Geometry of ample/lopsided sets
For researchers in combinatorial geometry and metric geometry, this work provides new geometric characterizations of ample sets, but it is largely theoretical and incremental.
This paper studies geometric realizations of ample (lopsided) sets as cubihedra, establishing that their cubihedra with intrinsic ℓ1-metric are exactly the isometric subspaces of ℓ1-spaces. It also characterizes barycenter maps of faces and shows that any ample set is realizable as the intersection pattern of a weakly convex set with orthants.

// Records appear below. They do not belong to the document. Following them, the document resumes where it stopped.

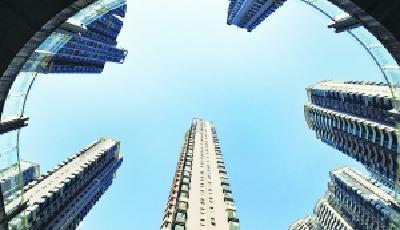 投資客拋售 燕郊二手房?jī)r(jià)格下跌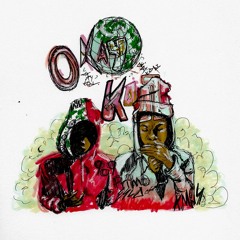 909PRIMO & TERRANCE ESCOBAR- Okay Kool (prod.16YROLD & DJPATT)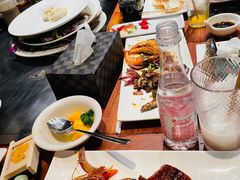 -大渔·观筵(三里屯太古里店)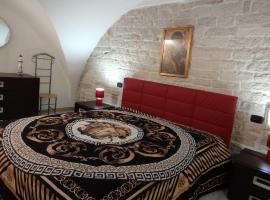 La Vela, ξενοδοχείο σε Giovinazzo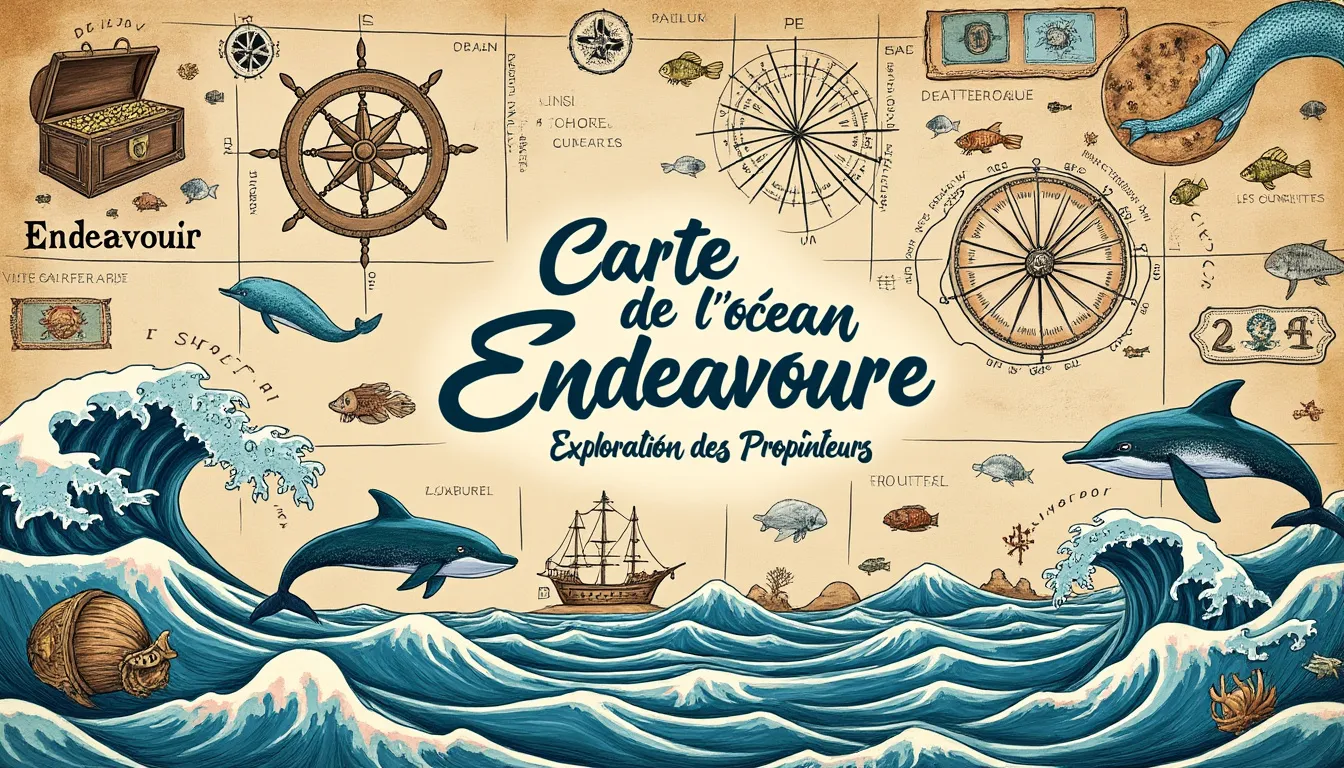 découvrez comment une entreprise canadienne innove en établissant un partenariat stratégique avec les états-unis pour explorer et préserver les océans. rejoignez-nous dans cette aventure marine prometteuse.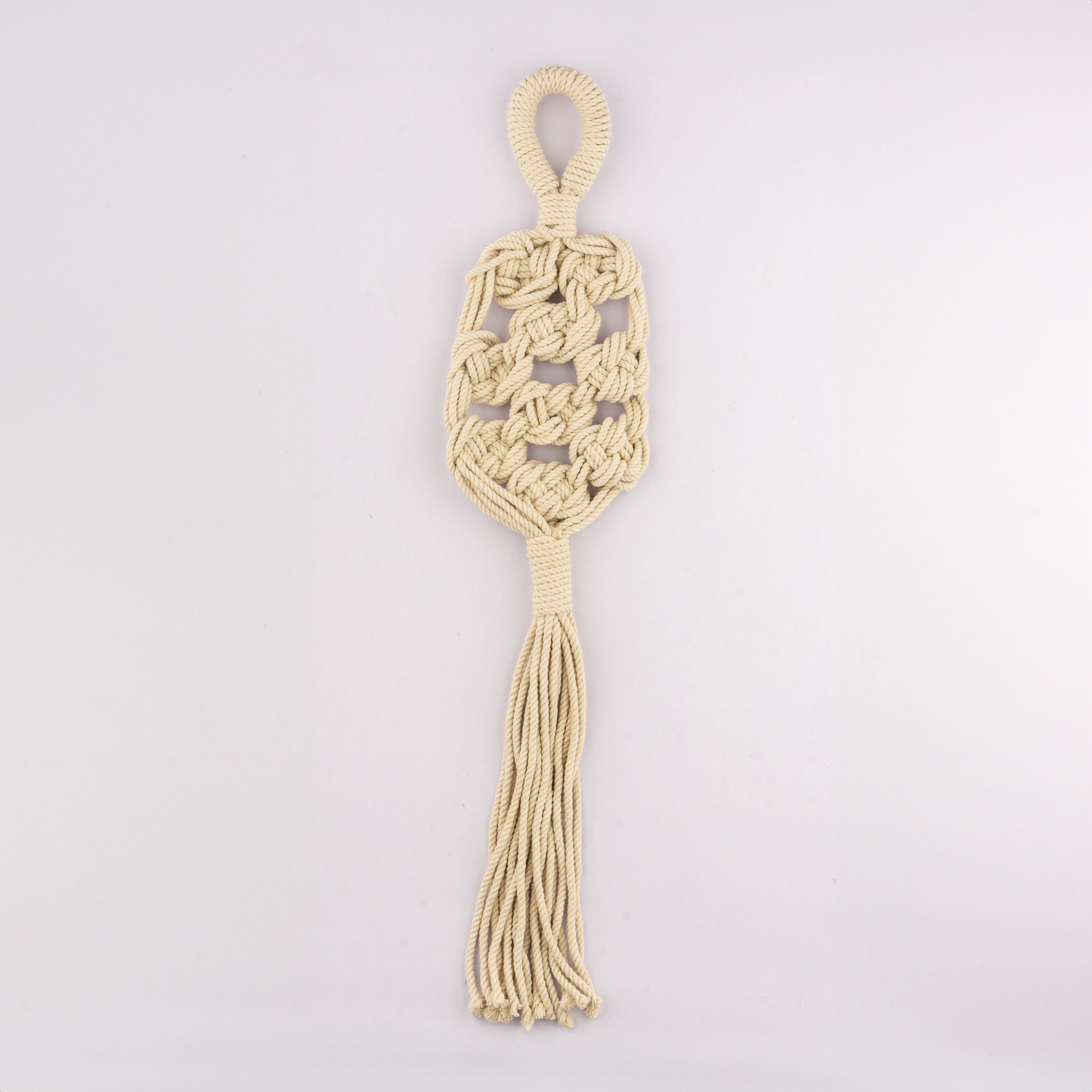 Criss Cross Curtain Ties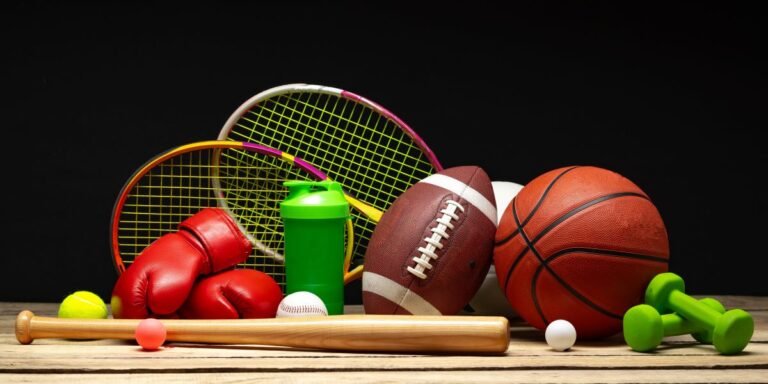 sports-equipment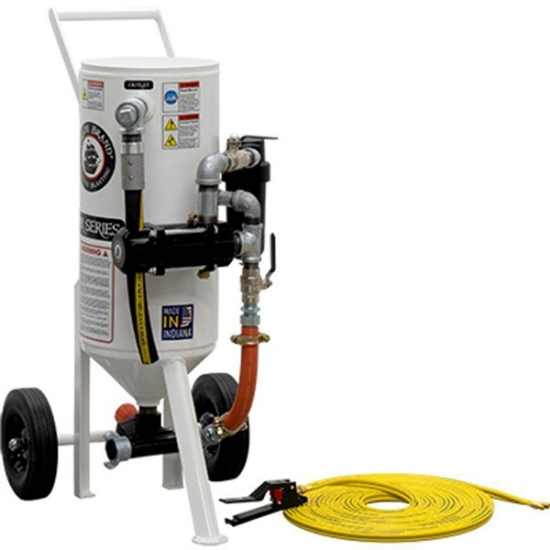 Picture of Sand Blaster Small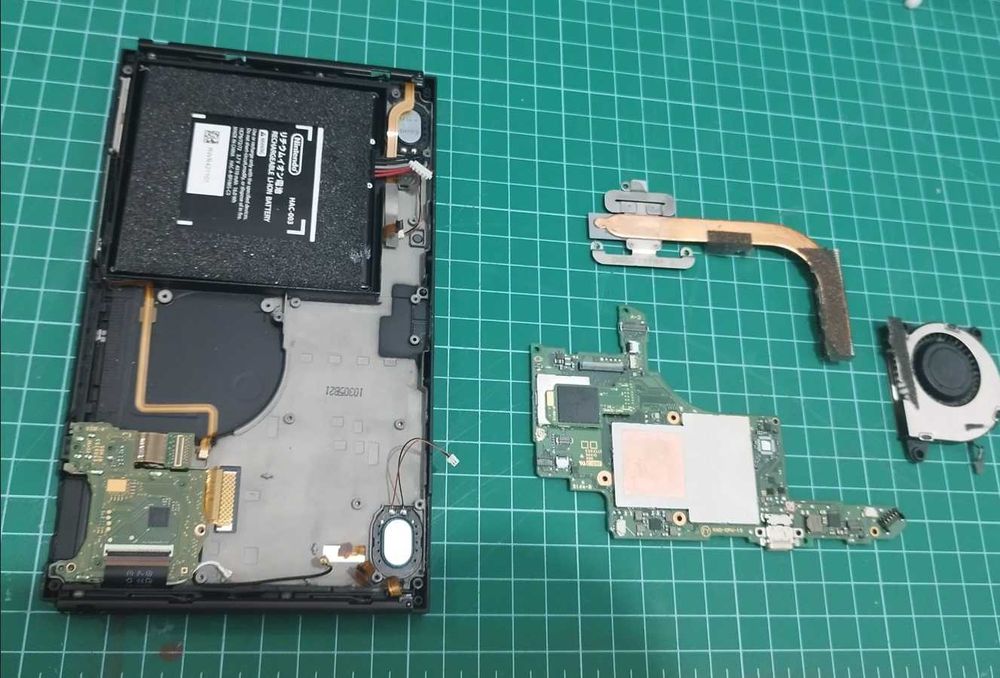 Reparatii electronice, laptopuri, console gaming, echipament audio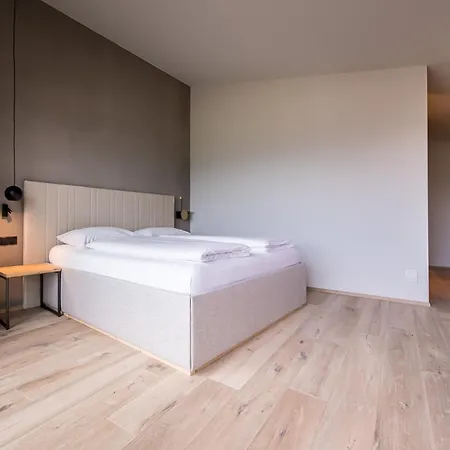 Hotel Sonnenheim Chienes Esterno foto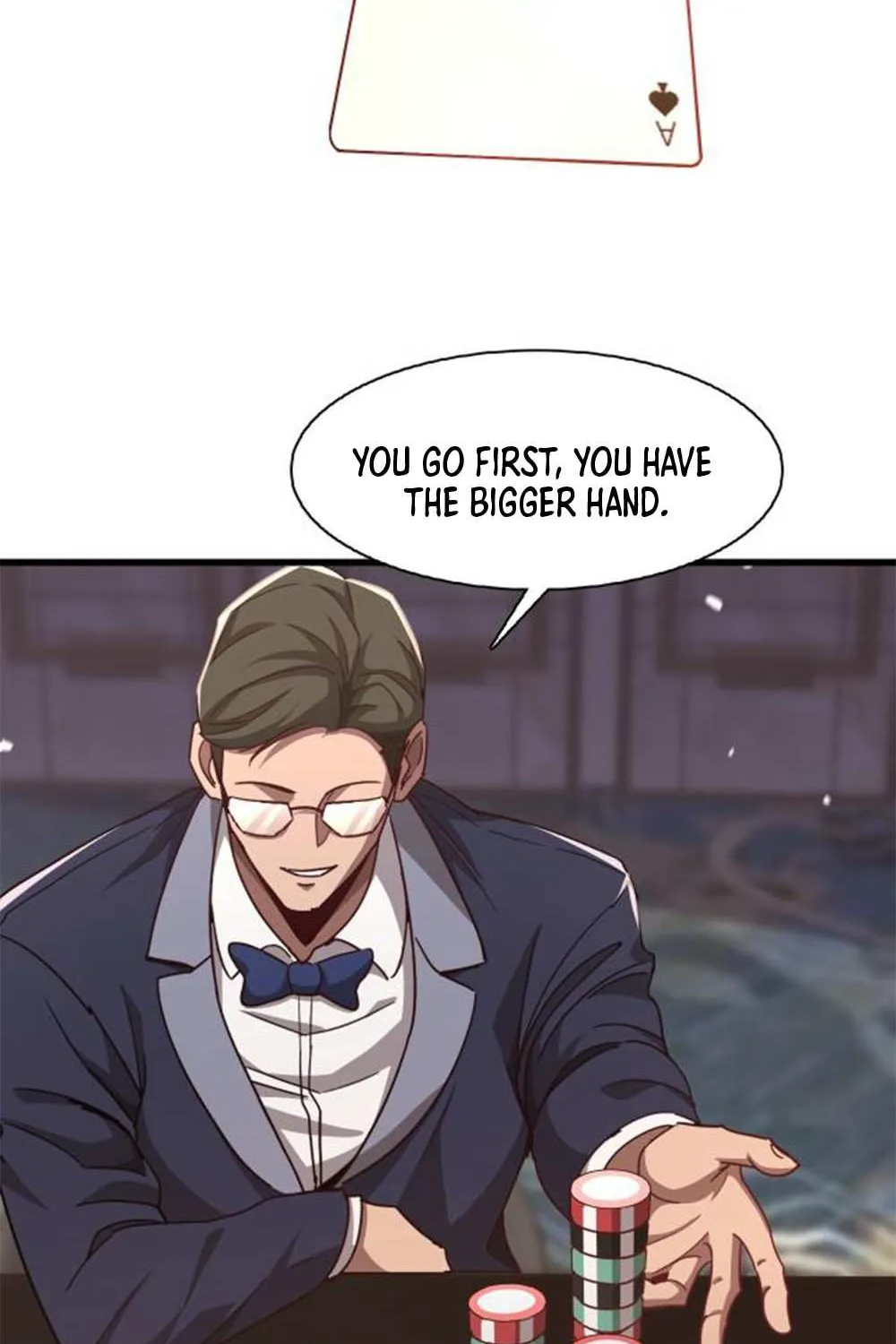 I’m Stuck On The Same Day For A Thousand Years Chapter 8 page 20 - 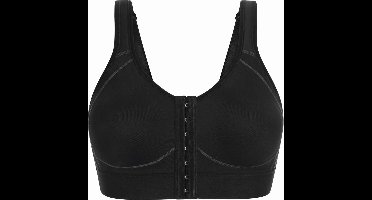 Amoena Prothese Sport Bh Ester C0174 C0174 - black/grey - maat EU 95A / FR 110A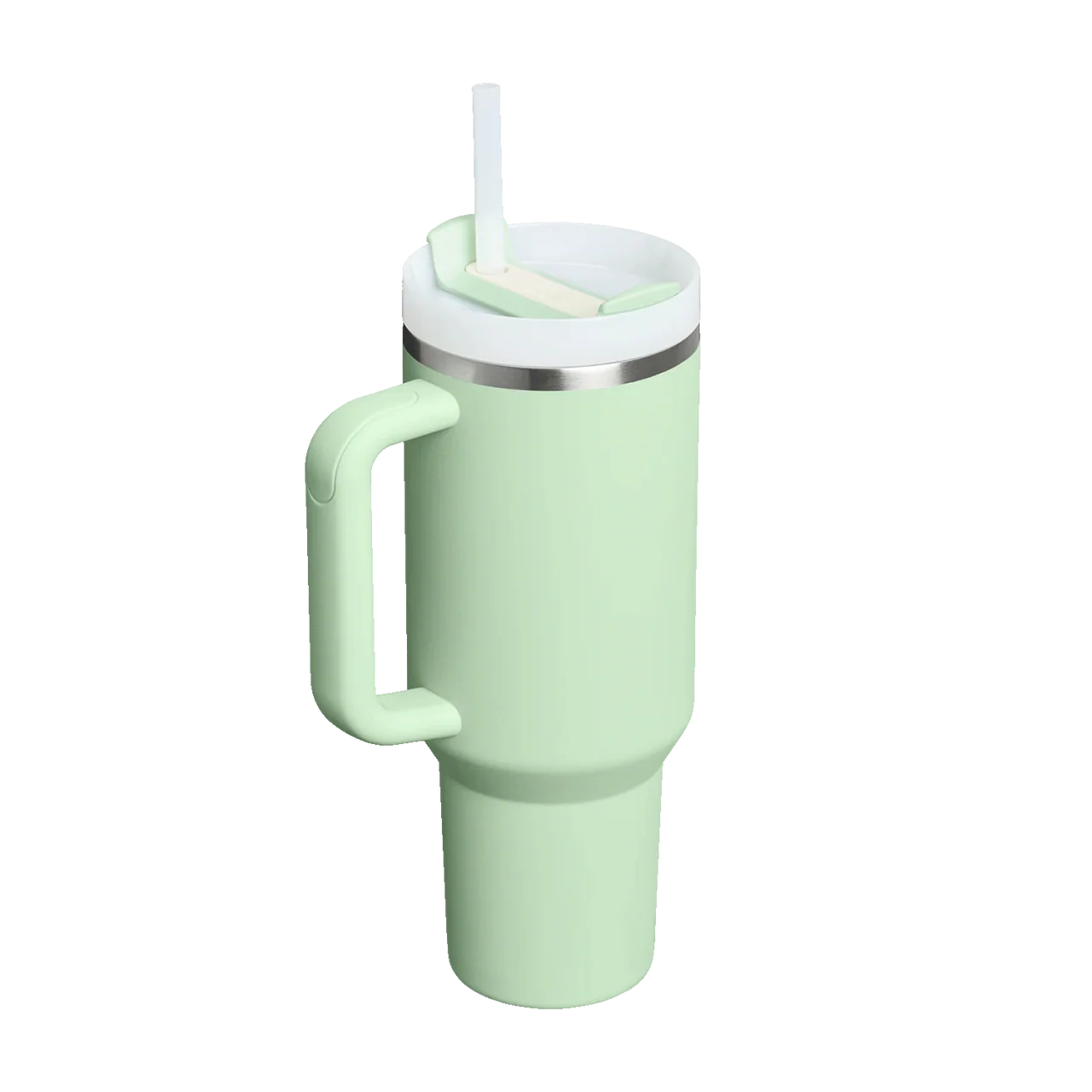 TRAVEN MUG QUENCHER H2.0 ADVENTURE PISTACHO 1.18 LT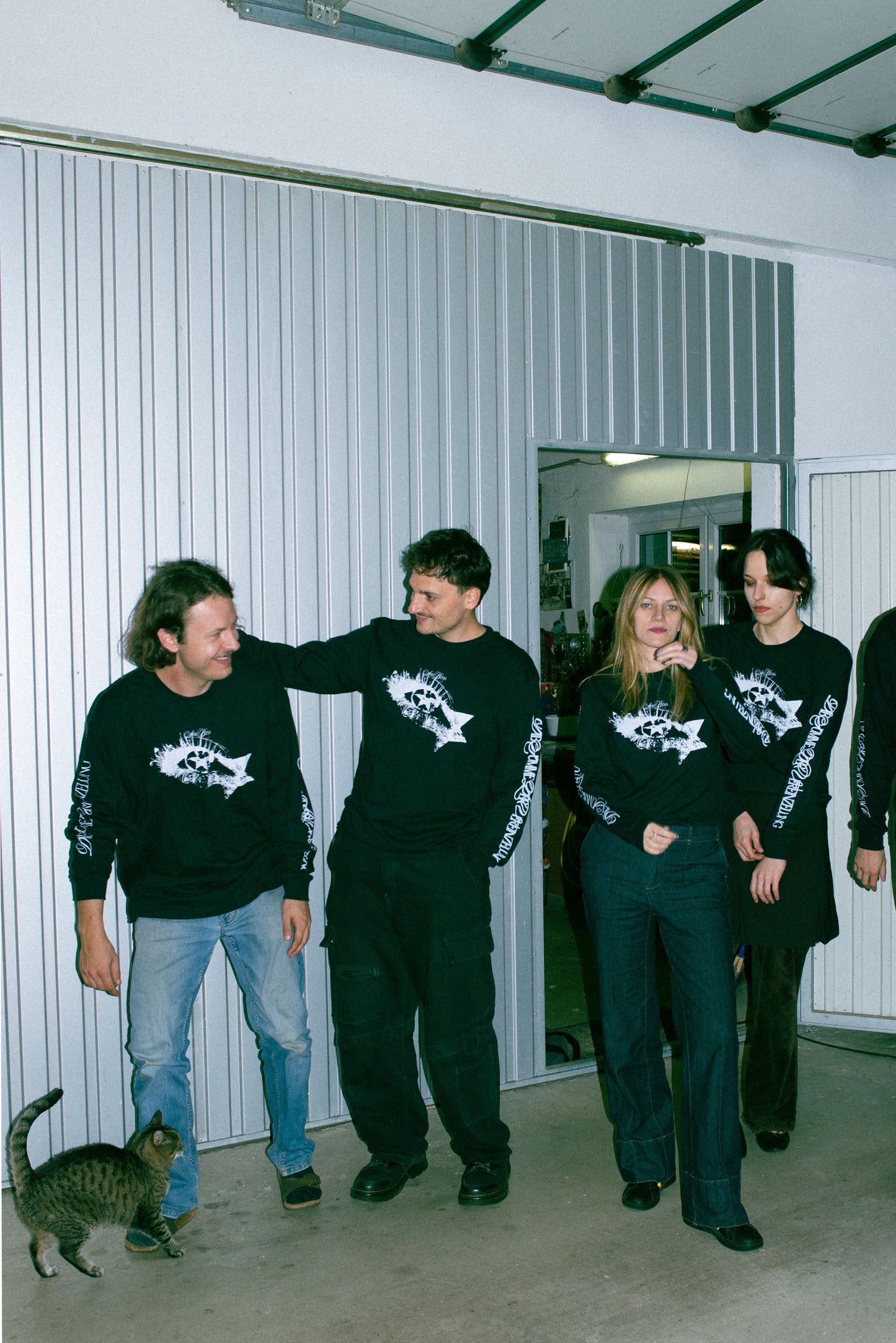 Sophia Blenda - Shirt Bundle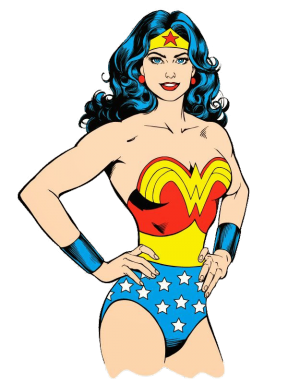 Wonder Woman clipart #12, Download drawings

Lopsided sets were introduced by Jim Lawrence in 1983 when he studied the subsets of $\{-1,+1\}^E$ that encode the intersection pattern of a convex set $K$ with the orthants of ${\mathbb R}^E$. Lopsided sets have been independently rediscovered by several other authors, in particular by Andreas Dress in 1995, who called them \emph{ample} sets. Dress defined ample sets as the set families satisfying equality in a combinatorial inequality, which holds for all set families. In a previous article we characterized ample sets in various combinatorial and graph-theoretical ways. In this paper we study geometric realizations of ample sets as cubihedra (cube complexes), which yields several new characterizations. One such characterization establishes that the cubihedra of ample sets endowed with the intrinsic $\ell_1$-metric are exactly the isometric subspaces of $\ell_1$-spaces (which we call, weakly convex sets). We also view the barycenter maps of faces of cubihedra of ample sets as collections of $\{ \pm 1, 0\}$-sign vectors and, in analogy with the characterization of oriented matroids by the covectors and the cocircuits. Moreover, we characterize the collections of $\{ \pm 1, 0\}$-sign vectors corresponding to barycenter maps of all faces and all maximal faces of an ample set. Furthermore, we show that any ample set $\covectors\subseteq \{ -1,+1\}^E$ is realizable as the intersection pattern of a weakly convex set $K$ with the orthants of ${\mathbb R}^E$. All this testifies that the concept of ample sets is quite natural in the context of cube complexes.